Num auditório a meio gás, marcaram presença especialistas em mobilidade urbana e activistas pela utilização da bicicleta como meio de transporte. Durante o dia, as apresentações, assim como as discussões que se seguiram, realizaram-se em torno dos temas “Mobilidade suave em meio urbano” e “A bicicleta no quotidiano”. No decorrer da sessão de abertura, o secretário de Estado Adjunto e do Ambiente, José Mendes, considerou que “o game changer em termos de mobilidade ciclável será a mudança de mentalidade, a mudança de comportamentos”, que deve ser semeada nos estudantes desde cedo, neste caso, no ensino superior, embora considere que deva começar, sobretudo, “nas escolas primárias ou secundárias”. O caminho terá, igualmente, de passar por “trabalhar na transferência modal”, para fazer com que alunos, docentes e funcionários ponderem trocar o automóvel particular pela bicicleta.

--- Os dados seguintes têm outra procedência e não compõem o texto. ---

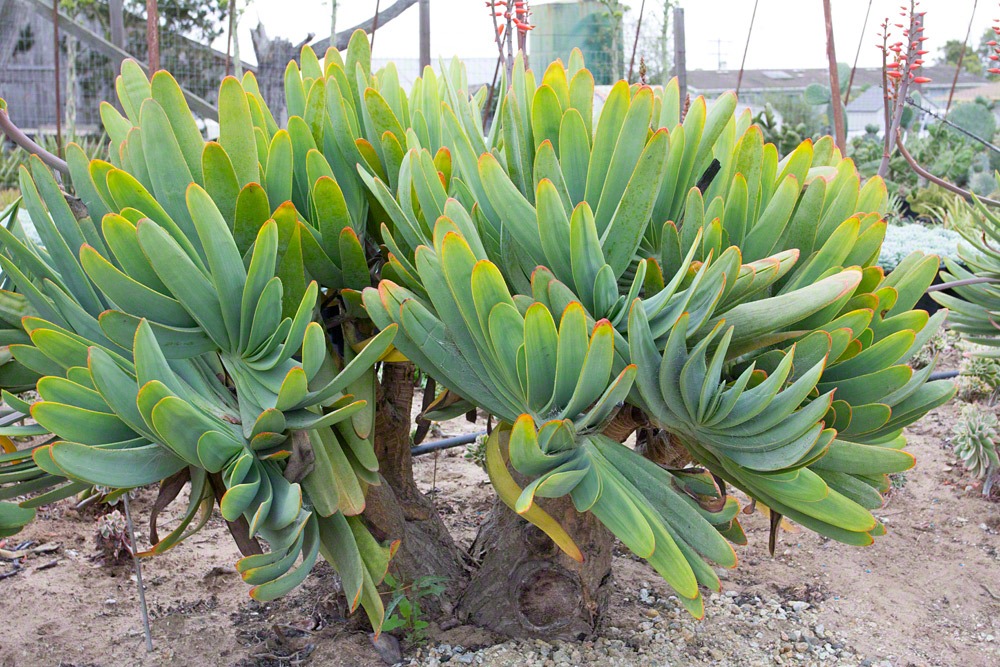 [120928_SucculentGardens_Aloe-plicatilis_06%255B12%255D.jpg]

Paulo Rodrigues, em representação da Abimota, destacou o facto de Portugal ser “o terceiro maior produtor europeu de bicicletas” e sublinhou o crescimento do sector, que, segundo o mesmo, pode vir a representar, “muito provavelmente dentro de três anos”, 500 milhões de euros em exportações. Quanto ao mercado interno, a oportunidade está num “potencial de convertibilidade muito grande”, na passagem do automóvel individual para a bicicleta, que hoje já deixou de ser encarada como um mero bem de lazer, para ser entendida, novamente, como meio privilegiado de transporte.

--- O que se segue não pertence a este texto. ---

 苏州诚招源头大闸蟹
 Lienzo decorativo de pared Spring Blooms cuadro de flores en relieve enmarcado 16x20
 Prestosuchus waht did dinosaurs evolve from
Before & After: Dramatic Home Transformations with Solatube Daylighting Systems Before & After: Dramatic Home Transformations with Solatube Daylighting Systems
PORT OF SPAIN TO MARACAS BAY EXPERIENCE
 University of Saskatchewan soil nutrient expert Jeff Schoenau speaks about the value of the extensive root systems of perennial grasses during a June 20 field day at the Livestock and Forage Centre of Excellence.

Já para Ana Santos, docente na Faculdade de Motricidade Humana e co-criadora do projecto Dar a Volta, “o grande desafio que se coloca às universidades é produzir conhecimentos, produzir dados”. “Quando vou à procura de dados, não os tenho”, lamentou. A importância da existência de números concretos que promovam eficazmente o investimento na mobilidade suave também não passa despercebida a Paulo Rodrigues, que menciona a falta de “ferramentas para analisar o impacto económico da bicicleta” e dá o exemplo do sistema de bicicletas partilhadas de Vilamoura. Segundo o responsável, este sistema apresenta um défice anual de 20 mil euros, mas conta com benefícios estimados em 200 mil euros. Neste sentido, Kobe Vanhaeren, da aplicação móvel Horizontal Cities, anunciou que está prevista a disponibilização de heat maps (mapas de calor) relativos à cidade de Lisboa, que possibilitarão avaliar os trajectos mais percorridos pelos utilizadores de bicicleta dentro da cidade, o que pode ajudar a planear, definir e adequar a rede ciclável.

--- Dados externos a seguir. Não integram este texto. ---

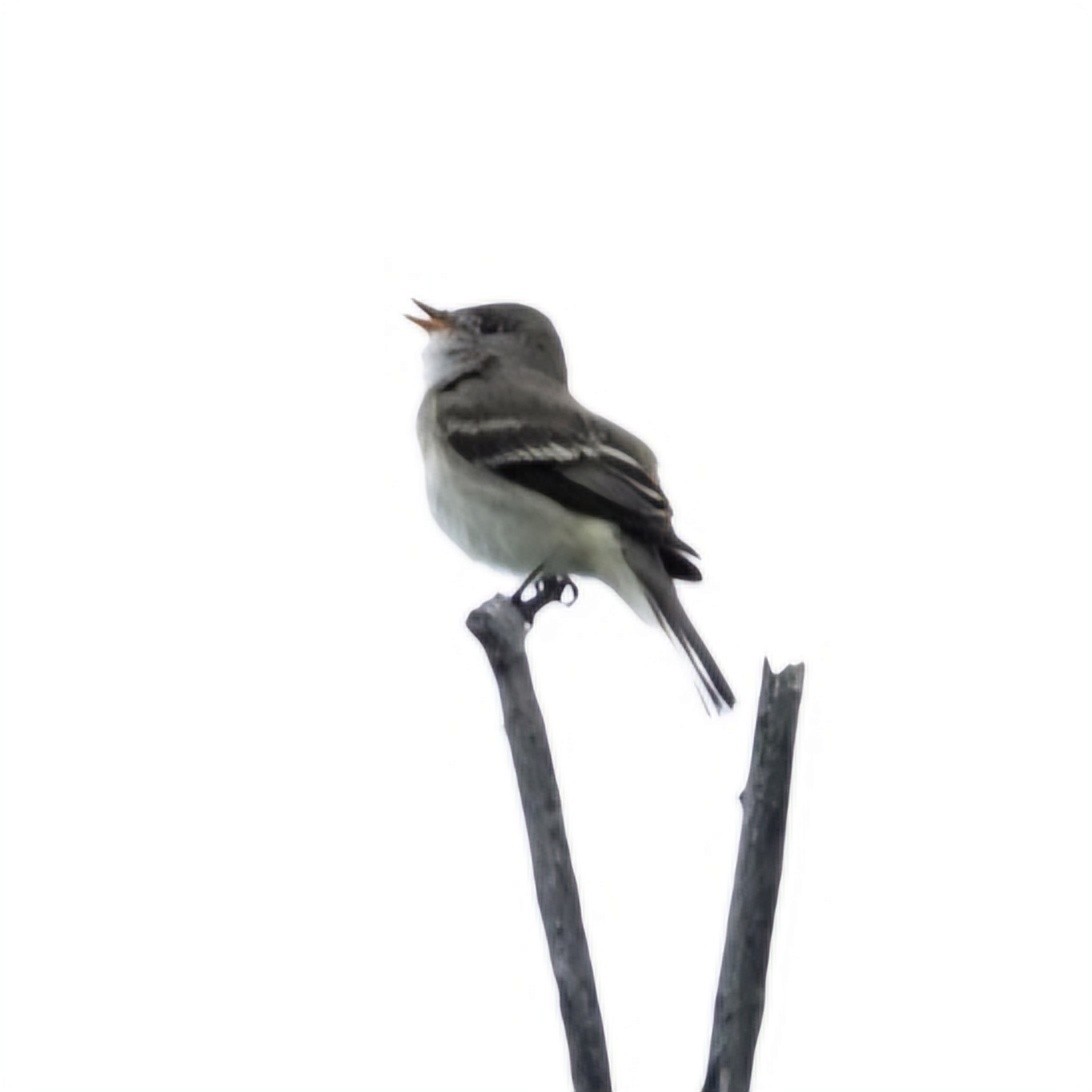 Alder Flycatcher - ML619696830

O evento decorreu durante todo o dia, tendo terminado ao final da tarde, com um passeio de bicicleta entre as três instituições de ensino superior ligadas ao projecto na cidade de Lisboa que irão receber bicicletas eléctricas e convencionais. O objectivo é que estas sejam, depois, disponibilizadas à comunidade académica em regime de aluguer de longa duração. O U-Bike Portugal vai levar bicicletas a 15 instituições de ensino superior do país.